DESCRIPTION OF SYMBOLS 10 Structure 12 1st olefin type elastomer base material 14 Hardened | cured material of 2 liquid type adhesive agent 16 2nd olefin type elastomer base material

Claims (9)

(A) an initiator containing an organoborane, and (B) a two-component adhesive comprising a main component containing a polymerizable component, a metal halide and a metal carboxylate , wherein the metal halide and the metal carboxylate A two-part adhesive in which the metal cation has at least two chemically available oxidation states .   The two-component adhesive according to claim 1, wherein the metal halide contains bromide ions.   The two-component adhesive according to claim 1, wherein the metal halide contains a metal cation selected from the group consisting of copper and manganese.   The two-component adhesive according to any one of claims 1 to 3, wherein the metal carboxylate contains a metal cation selected from the group consisting of copper and zinc.   Based on the molar equivalent of boron of the organoborane, the molar equivalent ratio of the halogen element of the metal halide is 0.01 or more and 10 or less, and the molar equivalent ratio of the metal element of the metal carboxylate is 0.01. The two-component adhesive according to any one of claims 1 to 4, which is 20 or more.   The main agent includes, as polymerizable components, (1) isobornyl methacrylate and (2) at least one monocyclic methacrylate selected from the group consisting of phenoxyethyl methacrylate, tetrahydrofurfuryl methacrylate, and cyclohexyl methacrylate.
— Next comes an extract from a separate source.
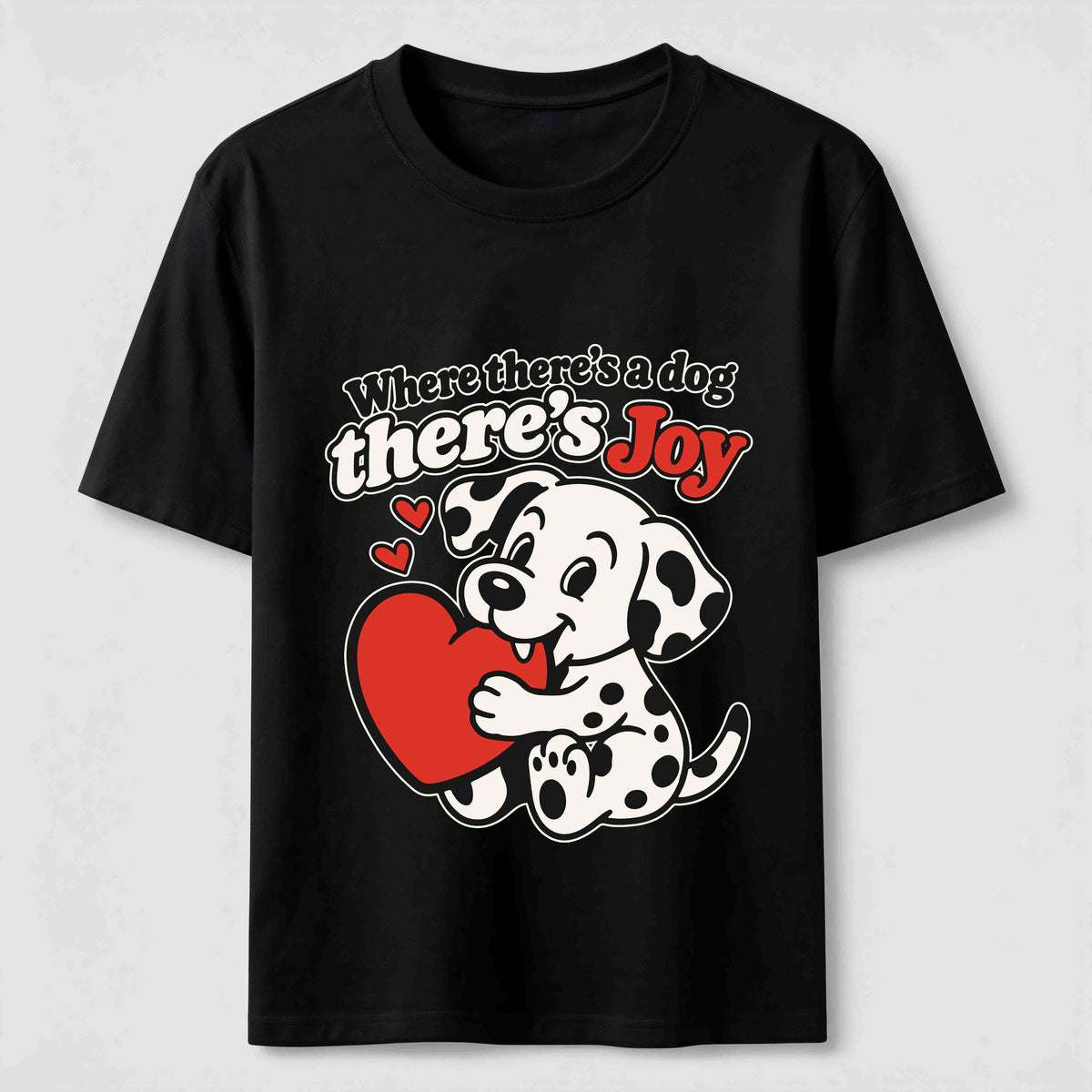 Where There Is a Dog There Is Joy Dalmatian Classic T-Shirt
The two-component adhesive according to any one of claims 1 to 5.   The two-component adhesive according to claim 6, comprising 40 to 200 parts by mass of the monocyclic methacrylate with respect to 100 parts by mass of the isobornyl methacrylate.   The two-component adhesive according to any one of claims 1 to 7, which is used for adhesion of an olefin elastomer substrate. A first olefinic elastomer substrate;
A second olefinic elastomer substrate;
Interposed between the first olefin-based elastomer substrate and the second olefin-based elastomer substrate, and joining the first olefin-based elastomer substrate and the second olefin-based elastomer substrate; A structure having a cured product of the two-component adhesive according to any one of claims 1 to 7.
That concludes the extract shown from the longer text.